# Solved: SQL server 2005 not working on Windows server 2008



## raj_kalangutkar (Mar 5, 2009)

Ok I did a clean install of windows server 2008 on the IBM x3400 machine. Set the time and the time zone. Then I installed the MS SQL 2005 enterprise edition on this server. While installing the SQL 2005 it did give me and error saying that this version of SQL is not compatible with windows server 2008. But then it did continue with the installation. After everything was done I logged into SQL with the SQL authentiation,configured it , created the database, ran the query. everything workned fine. But now when I rebooted this server and tried to log on to SQL with the same credentials for SQL authentication it just refuses to log into it.
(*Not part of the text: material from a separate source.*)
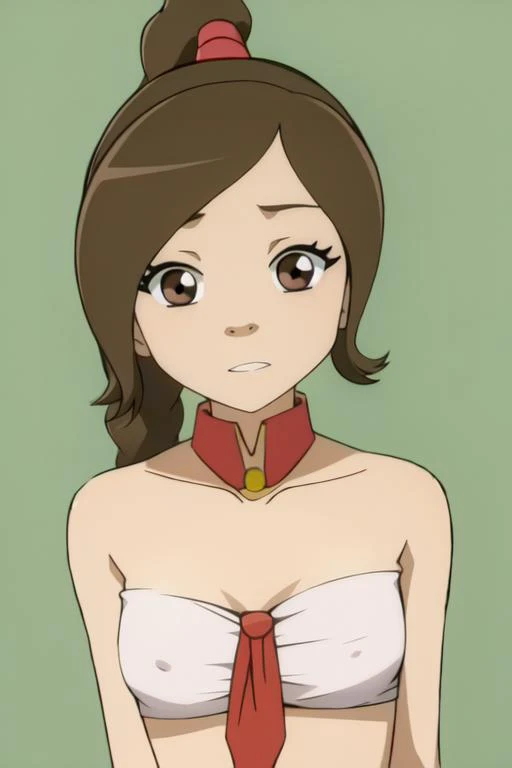 portrait, (facing the viewer), (looking at the viewer), green background, solid background, <lora:beltbra_v0.1:1> beltbra <lora:upshirt:0.7> upshirt, underboob, under boob, flat chest,, <lora:wetshirt15_v1.1.0:1> wetshirt, <lora:Tylee:0.9> tylee, brown hair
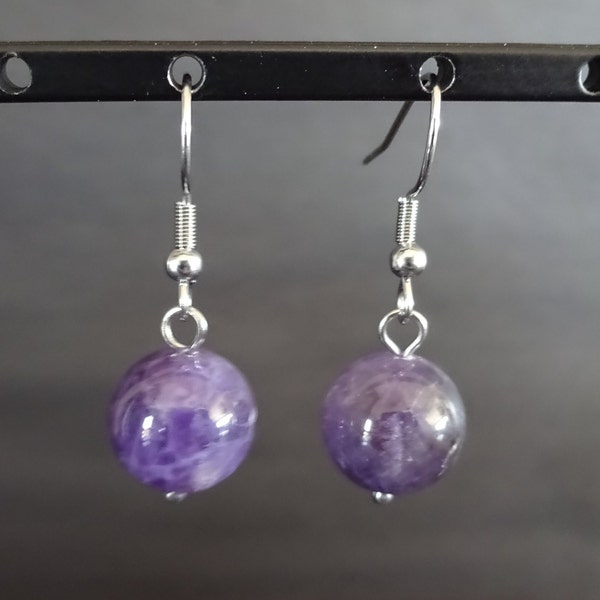 Natural Amethyst Ball Bead Earrings, Hypoallergenic, Fish Hook Earring, Set Of Earrings, 12mm Ball, Purple Crystals, Gemstone Dangle Earring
I do not know why this is happening. I looked up on the net for any know issues and found out that inorder to run SQL 2005 on windows server 2008 we need to install sql 2005 sp 2 and another hotfix which is given by microsoft. But if this is the case then why would SQL work fine when I just installed it? It shouldn't have worked even at that time.. Anyways please somebody lookup into this matter.Thanks


----------



## srhoades (May 15, 2003)

http://forums.techguy.org/windows-nt-2000-xp/857831-sql-2005-not-working-windows.html


----------



## jmwills (Sep 28, 2005)

Are you using a SErvice Account for the SQL service?


----------



## raj_kalangutkar (Mar 5, 2009)

actually i managed to work through it. I just had to disable the VIA protocol


----------